Directions for this task: With the images removed, write out every line below exactly.

Raw data:
Content starts
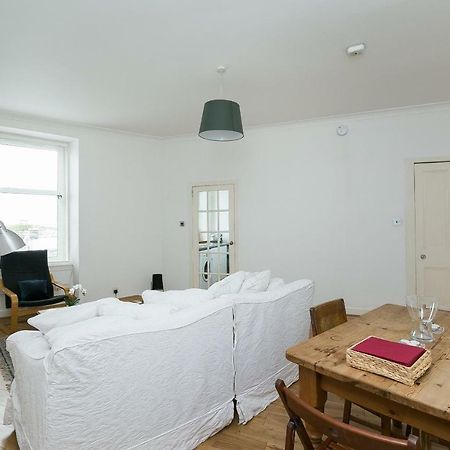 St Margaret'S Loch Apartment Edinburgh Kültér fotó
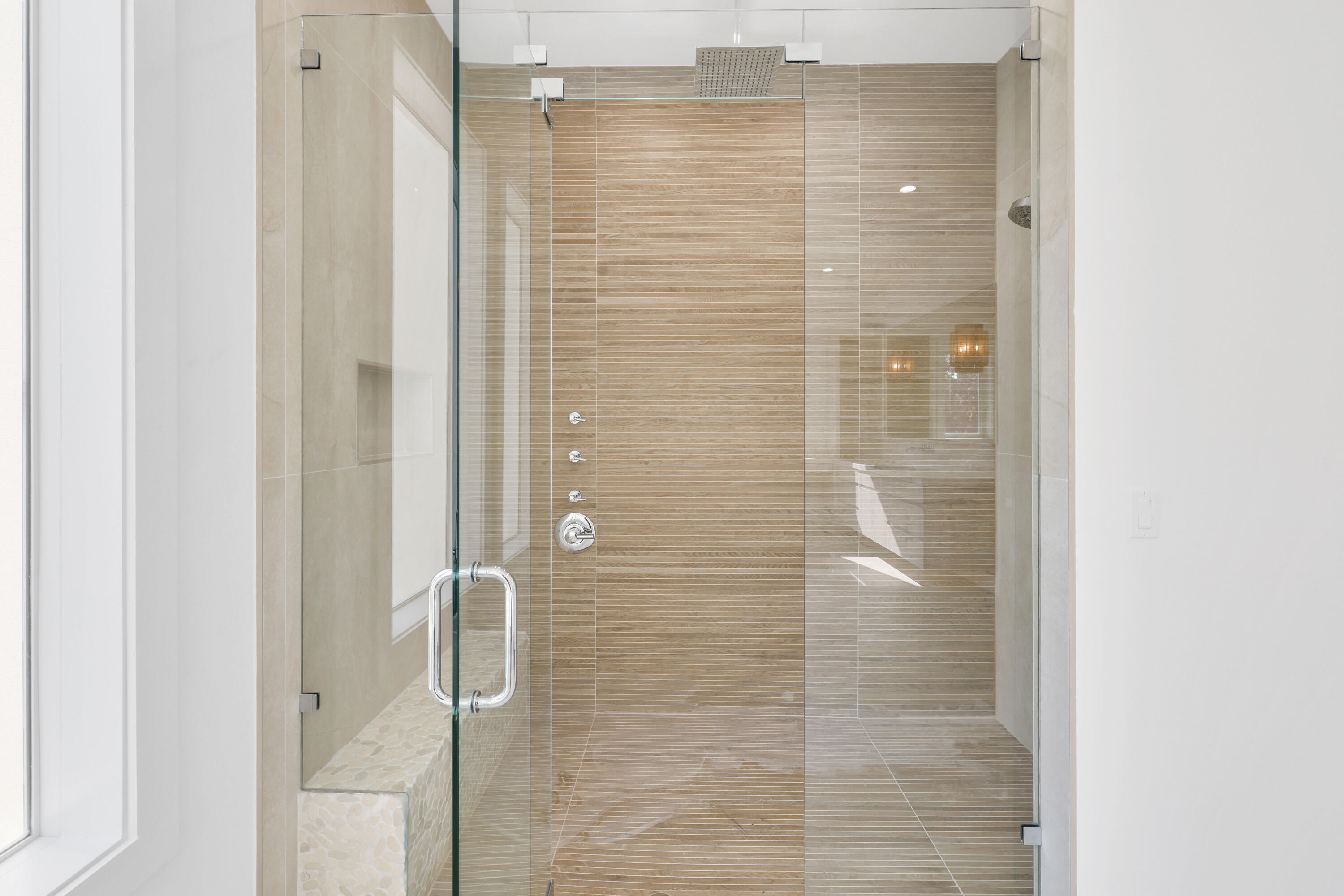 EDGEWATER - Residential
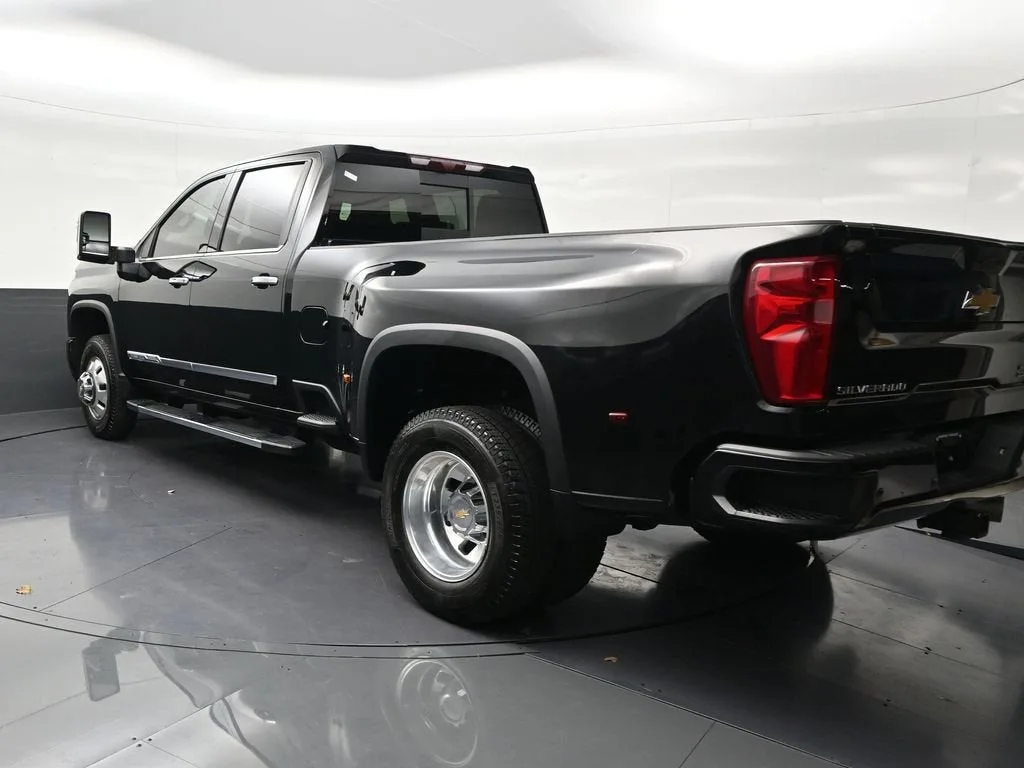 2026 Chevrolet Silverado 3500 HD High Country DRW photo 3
Content ends
Exercise solution:
 St Margaret'S Loch Apartment Edinburgh Kültér fotó
 EDGEWATER - Residential
 2026 Chevrolet Silverado 3500 HD High Country DRW photo 3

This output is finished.